Re: temporal nature of T-box (and A-box), and why bNodes should rarely (if ever!) be used from Alexandre Bertails on 2011-03-09 (public-rdb2rdf-wg@w3.org from March 2011)

From: Alexandre Bertails <bertails@w3.org>
Date: Wed, 09 Mar 2011 11:29:59 -0500
To: Ted Thibodeau Jr <tthibodeau@openlinksw.com>
Cc: RDB2RDF WG <public-rdb2rdf-wg@w3.org>, Kingsley Idehen <kidehen@openlinksw.com>
Message-ID: <1299688199.16232.1343.camel@simplet>
Ted,

I agree with a lot of your remarks and fully understand your concern
about the temporal aspect of data. Please read my comments below in the
perspective of the Direct Mapping. R2RML folks may have other opinions.

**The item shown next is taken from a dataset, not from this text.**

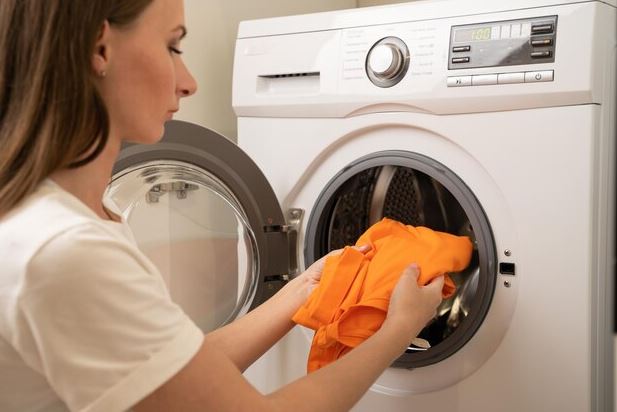 mãos colocando roupas úmidas em uma secadora em uma lavanderia compacta de apartamento, ao lado de um cesto de roupas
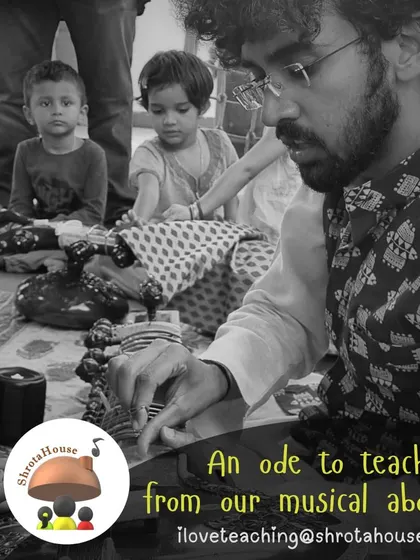 An instructor guides children as they feel the texture and sound of a percussion instrument. These sensory experiences are fundamental to our teaching philosophy.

On Tue, 2011-03-08 at 10:20 -0500, Ted Thibodeau Jr wrote: 
> All --
> 
> As we're talking about the most basic, the most common, the ultimate
> in "I know nothing" mapping in the Direct/Default Mapping, we must
> remember that this will be used against RDB schema that are not 
> fully developed, that have not been fully considered, mapped out,
> planned, etc. -- as well as fully-fledged, heavily-vetted enterprise
> application-serving schema.

Relational databases don't understand the notion of "revision" by
default, it's not part of the model.

Also, the Direct Mapping is meant to be a simple function from RDB to
RDF [1]. You can easily chain it with other transformations. I believe
that handling the temporal aspect in such a transformation instead of
the Direct Mapping itself makes a lot of sense.

> 
> Thus -- they will change.  (Even the long-lived ones will change,
> given enough time -- or just inconvenient timing of interactions.)
> 
> This means that *all* generated URIs, whether for Classes or 
> Relationships or Attributes or Entities, will change -- Cool URIs
> notwithstanding.  Even RowID-based URIs may change over time, due
> to DBMS migration from hardware to hardware, depending on the
> methods used.

Yes they will change, but we don't care! The denotational semantics is
just a function. So its only requirement is that the result of the
Direct Mapping depends only of its input, the RDB database. It does not
depend on time.

Of course, you need a notion of equality to compare the results, in
presence of blank nodes. Hopefully, it's already defined in a
Recommendation and it's called graph isomorphism [2].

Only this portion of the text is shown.